You are showing your age (most likely similar to my own). I make my own polymer plates, but when I need a hot stamp die, I order copper dies by sending an electronic file to my engraver. Your best bet is to contact the engraving house directly and ask them if they still will convert hard-copy art to plates. Most likely they still have the capability to do so, but they will use a scanner and imagesetter to produce the film. I doubt if cameras are used in those commercial shops these days.

I managed a photo engraving shop for a number of years in the 1980s, so I’m very familiar with your thinking.

John Henry

Thanks John. I doubt if many, if any, would use a process camera nowadays either. Do you think that if an engraving house scanned a wood engraving, like for instance a Thomas Nast Santa Claus from Harpers Weekly, would the digital image be fine enough so that the fine lines actually looked like fine lines and not lines made of digitized data?

Could it be done in vector art, or are there too many lines in wood engravings for vector art?

In the 1860’s print shop where I volunteer, we get comments that the images we print are so clear. I guess the visitors are comparing to their home printers. I would just want to maintain that clarity in new engravings.

Even the cheapest Scanner nowadays can produce high rez scans, if you’re adventures, go ebay and find a Heidelberg Sapphire scanner, they’re heavy, scsi (50) and optical. They used to be super expensive, as scsi walks out the backdoor they become Door stoppers. www.hemrick.com has vuescan which can run this scanners just fine. That would allow you to scan your own Artwork, Save as .Bmp and send over, I can vectorize for you.

If you really want to get all the printed detail, scan at at least 1200 DPI. 2400 is better still. I generally scan in RGB and convert to line-art in Photoshop, but most scanner software will scan directly to line-art as well as color and grayscale.

These files can be converted to vector art, but you have to be careful using automated vectorizers like Illustrator’s trace function. They’re very good but they’re designed to blur the art a little to compensate for pixeled edges in the artwork. You may lose small amounts of detail because of this. You can usually minimize or even eliminate these losses, though, by judicious tweaking of the vectorizer’s settings.

A good imagesetter will produce perfectly clean film from either the high-res raster file or the vector.
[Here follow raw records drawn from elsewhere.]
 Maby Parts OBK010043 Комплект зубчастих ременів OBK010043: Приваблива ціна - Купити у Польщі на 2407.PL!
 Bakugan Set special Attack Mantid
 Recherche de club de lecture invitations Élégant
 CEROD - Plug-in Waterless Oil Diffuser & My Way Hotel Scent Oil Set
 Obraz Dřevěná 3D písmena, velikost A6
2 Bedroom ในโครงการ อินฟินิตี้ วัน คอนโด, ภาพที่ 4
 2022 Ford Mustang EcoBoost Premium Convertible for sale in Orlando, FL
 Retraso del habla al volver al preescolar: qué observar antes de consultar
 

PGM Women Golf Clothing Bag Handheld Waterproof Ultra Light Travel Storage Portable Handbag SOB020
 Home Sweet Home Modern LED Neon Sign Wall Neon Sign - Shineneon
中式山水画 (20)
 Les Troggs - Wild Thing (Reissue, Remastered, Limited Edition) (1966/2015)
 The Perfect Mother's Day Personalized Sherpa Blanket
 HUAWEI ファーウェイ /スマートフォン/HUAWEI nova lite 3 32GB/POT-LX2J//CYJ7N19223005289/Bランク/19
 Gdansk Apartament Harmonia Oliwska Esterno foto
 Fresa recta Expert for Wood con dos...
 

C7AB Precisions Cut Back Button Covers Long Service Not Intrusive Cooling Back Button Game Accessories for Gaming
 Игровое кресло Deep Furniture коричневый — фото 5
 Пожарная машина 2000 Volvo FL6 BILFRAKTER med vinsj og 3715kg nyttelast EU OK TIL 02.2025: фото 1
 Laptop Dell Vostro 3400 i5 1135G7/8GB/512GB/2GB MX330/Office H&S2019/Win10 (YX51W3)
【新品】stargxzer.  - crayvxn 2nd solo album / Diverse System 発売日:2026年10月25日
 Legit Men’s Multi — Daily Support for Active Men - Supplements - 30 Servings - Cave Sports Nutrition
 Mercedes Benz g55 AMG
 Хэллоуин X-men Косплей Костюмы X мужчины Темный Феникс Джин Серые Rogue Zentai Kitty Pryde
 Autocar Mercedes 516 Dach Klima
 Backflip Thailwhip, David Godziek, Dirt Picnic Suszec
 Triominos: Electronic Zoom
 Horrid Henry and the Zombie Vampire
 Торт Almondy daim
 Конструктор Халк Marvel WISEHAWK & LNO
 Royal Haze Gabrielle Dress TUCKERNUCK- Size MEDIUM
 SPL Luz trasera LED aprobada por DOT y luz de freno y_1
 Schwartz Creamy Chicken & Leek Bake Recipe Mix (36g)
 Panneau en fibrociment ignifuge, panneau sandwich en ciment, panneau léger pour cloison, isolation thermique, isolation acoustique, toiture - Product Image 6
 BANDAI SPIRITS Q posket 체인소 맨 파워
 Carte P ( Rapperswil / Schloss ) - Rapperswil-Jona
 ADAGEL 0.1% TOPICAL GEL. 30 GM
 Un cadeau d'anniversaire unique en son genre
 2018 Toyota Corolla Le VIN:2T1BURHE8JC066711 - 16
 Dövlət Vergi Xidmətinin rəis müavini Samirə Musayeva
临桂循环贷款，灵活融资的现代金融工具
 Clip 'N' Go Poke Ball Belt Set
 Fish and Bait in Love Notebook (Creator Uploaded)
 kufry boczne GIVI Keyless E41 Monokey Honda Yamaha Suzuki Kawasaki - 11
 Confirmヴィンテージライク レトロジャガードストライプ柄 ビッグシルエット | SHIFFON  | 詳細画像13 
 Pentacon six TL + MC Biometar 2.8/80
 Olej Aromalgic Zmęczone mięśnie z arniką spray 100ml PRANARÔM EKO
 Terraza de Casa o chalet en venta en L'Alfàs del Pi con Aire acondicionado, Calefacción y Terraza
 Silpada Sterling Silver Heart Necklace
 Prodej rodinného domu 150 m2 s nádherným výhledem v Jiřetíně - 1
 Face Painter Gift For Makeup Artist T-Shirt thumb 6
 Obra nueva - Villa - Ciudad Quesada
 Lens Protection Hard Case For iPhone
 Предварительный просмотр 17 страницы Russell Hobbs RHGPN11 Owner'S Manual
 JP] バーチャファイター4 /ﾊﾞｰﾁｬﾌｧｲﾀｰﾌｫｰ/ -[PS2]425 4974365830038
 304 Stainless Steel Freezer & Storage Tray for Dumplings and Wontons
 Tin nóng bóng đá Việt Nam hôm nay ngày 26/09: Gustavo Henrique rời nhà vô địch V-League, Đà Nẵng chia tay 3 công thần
The platemaker we use at my day job is 15 years old, beat-up, and cranky as all get-out but still produces plates at 2400 DPI at a 175 line screen with absolute consistency. (It was originally rated to 3000 DPI/250 LPI max, but it’s had millions of feet of film through it by now and our worn-out little Heidelberg QM can’t hold screens that fine anymore anyway.)

Basically, with proper prep dies from digital will be nigh-indistinguishable from the original foundry cut.

Inkjet printers like what most folks are used to leave a fuzzy edge on almost everything (even when they’re extremely high-end machines), simply because of the way they work. You can’t spray millions of droplets of ink in stochastic patterns without a bit of overspray. This is likely what you’re running into when people talk about how crisp the printing looks.

Michael Hurley
Titivilus Press
Memphis, TN

Thanks for the info everyone!

Hello “typenut”,
my guess is that your post was more about designer/pre-press bureau issues then the actual film making issues. As I usually say: ” I will get back to you on that issue “, but as long as we are here at the technical issues …
Yesterday, a beautiful line camera went for scrap metal. When I got to the scrap bin, the pick-up guys were already smashing it with a sledge hammer. It was a sorry sight. The only thing I could salvage from the bin before the sledge hammer got to it was: Fargo ( Primera ) Impressa 2 == digital decal and label press. I had to fight for it with the scrap-guys. It is very heavy, now I need a hernia operation … LOL.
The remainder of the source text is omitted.